“Are the hens all dead?” you inquire.

“Oh, no, m’m, I don’t think so.”

“Very well then, squeeze them and go away.”

And then when the same old scrambled eggs, too heavily salted, come up next morning for breakfast she will have the effrontery to say that you ordered them!

What does the perfect woman do in these circumstances? Does she put down her occupation and say, “Dear me, cook, what a pity, isn’t it! What shall we do?” and does cook reply, “It is a pity, isn’t it, m’m! I don’t know what to suggest, I’m sure. Would you like a nice egg?” and then does the perfect woman say, “Well, you know we had eggs yesterday, cook, but I don’t see what else we are to do. It’s very awkward. But you can’t have anything nicer than eggs, can you? Suppose you get some eggs, and if you tell me when they arrive I will come down and look at them.” I believe it is this quality that makes women easier to rear than men. You can’t kill them by ordinary methods.

There is one more form of torture which no quiet home ought to be without if there is a contemplative enemy to be destroyed. It is called the torture by vivacity. The sort of thing you get in this book, only worse. The victim is put down in any ordinary chair, rather too near the fire if possible, and then the torturer begins. “What plays did you see when you were up in town? Can’t remember! Well you are! You ought to have seen Such-and-such. Do you know the story? There’s a man who’s tremendously in love with a girl and she won’t have him. Eileen Protheroe takes the part—don’t you admire her? of course you do—what nonsense! Don’t try to be clever—that’s your way. Well, she’s absolutely splendid in this. She comes on in a wonderful dress of pale champagne with heliotrope, most beautifully draped, and her hair done wonderfully under a small hat. Well, she won’t have him, but she tries for Tom—let me see—what is his name? What was the name of that friend of yours whom you used to see sometimes in Buxton? Awfully smart, in a brown suit—oh, you must remember—Well, this man reminded me of him—you must know whom I mean—don’t be silly. Anyhow this man is just like him——”

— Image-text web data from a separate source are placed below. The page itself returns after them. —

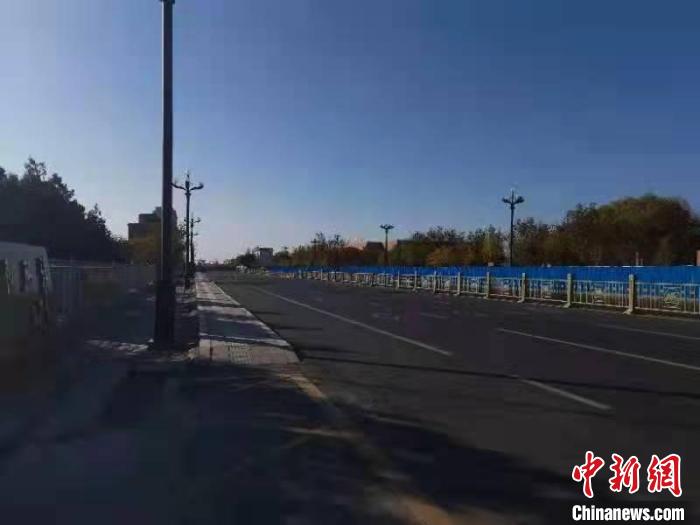 疫情風(fēng)暴眼中的額濟納：熬過低谷繁華自現(xiàn)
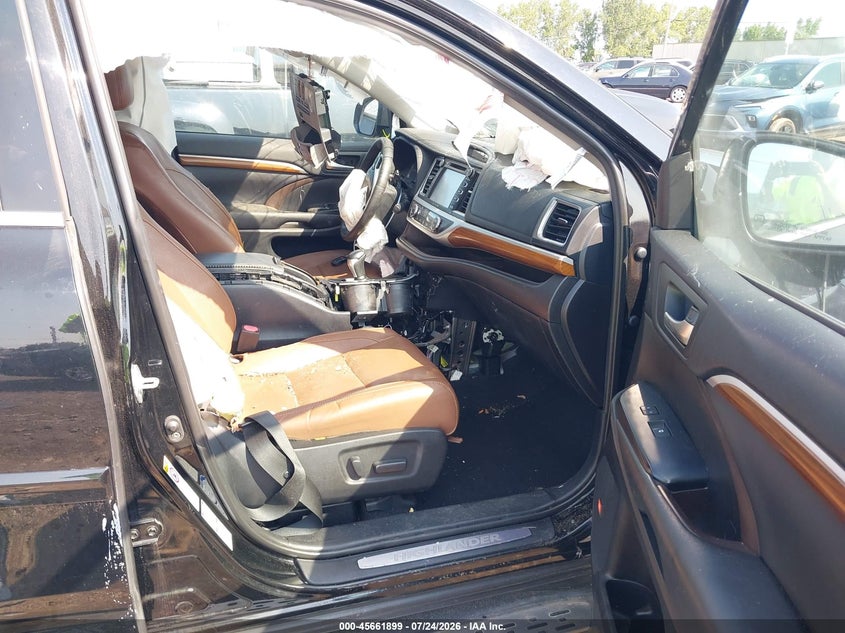 2019 TOYOTA HIGHLANDER auction photo 5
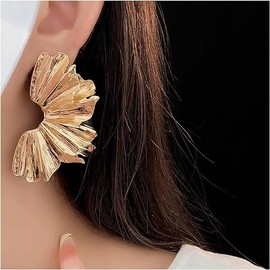 TACBSP Gold Flower Earrings for Women Large Flower Stud Earrings Dainty Pearl Flower Statement Earrings Chunky Floral Earrings Boho Jewelry Gift for Women (A)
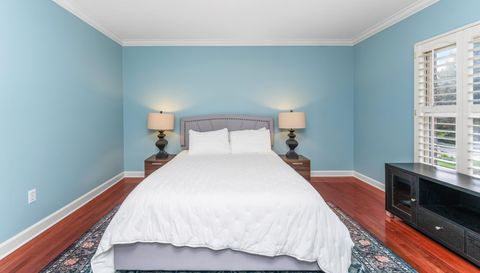 10320 Castlebridge Ct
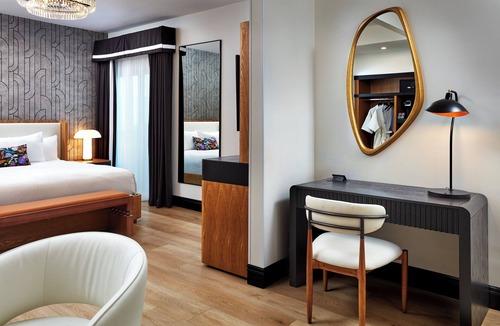 Beverly Grove Hotel | Elan Hotel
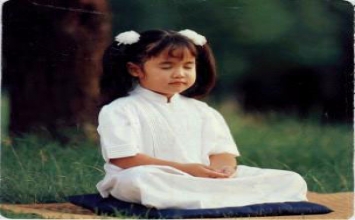 Cô bé sống trong chánh niệm
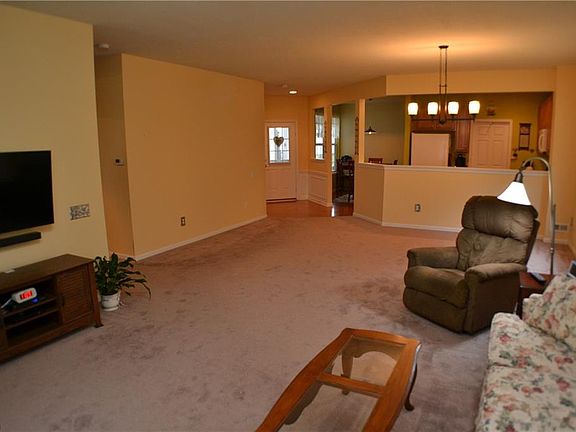 4th image of 9360 Asbury Ln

My pen has fallen off the table in a fit and is panting on the mat, protesting that it cannot run another inch.

CHAPTER III: THE MARRIAGE OF HENRY

It must be funny to have the partner of one’s life say, “You are quite beyond me, Henry dear, altogether.” It must give one such a shock, although of course it is true. Henry is so far removed from Mrs. Henry that if they manage to keep within calling distance of one another all their lives they are said to be “quite an idyllic couple.” We all know that if two people are knocking about idly in a field, one of them looking for golf balls or beetles or a lost trifle from the pocket, the other sewing or aimlessly preoccupied with thoughts about moth in the cupboards or the drawing in of the days, their conversation is not likely to be either profound or meaty; nor can it be even that interchange of feather-weight looks and intonations which are the pollen of mutual understanding. Mr. and Mrs. Henry’s life is very like this sort of knocking about together in a field. Sometimes Henry wanders off and says something with a little more ginger to it, and then Mrs. Henry is exceedingly offended, and complains that he is quite beyond her altogether.

The Henrys have not drifted apart lately; they are as near together now as ever they were. In fact, they are far less likely to drift apart now than they were at first. They are kept together by the strong tie of habit, and, some say, by public opinion. Others maintain that although public opinion prevents Henry from ever thinking of bolting, if he did entertain the thought public opinion would have less hold upon him than would his deep-rooted habit of staying with his wife. Thirty years ago they were kept together by a different tie, which might easily have been broken had either of them thought to break it. The tie was a sort of chemical affinity fortified by conscience. Love in all its expressions is more like something chemical than anything else, and the chemical experiment of Mr. and Mrs. Henry’s marriage was, at one time, a very touch-and-go business. Chemical affinity caught them as they meandered at a garden-party; it kept them together at several subsequent entertainments, just because neither of them were the sort of atoms that are so—I don’t know the right expression; it may be volatile, I call it impulsive—as ever to unglue themselves from the atom they chance to unite with, unless under great provocation from some other very masterful atom.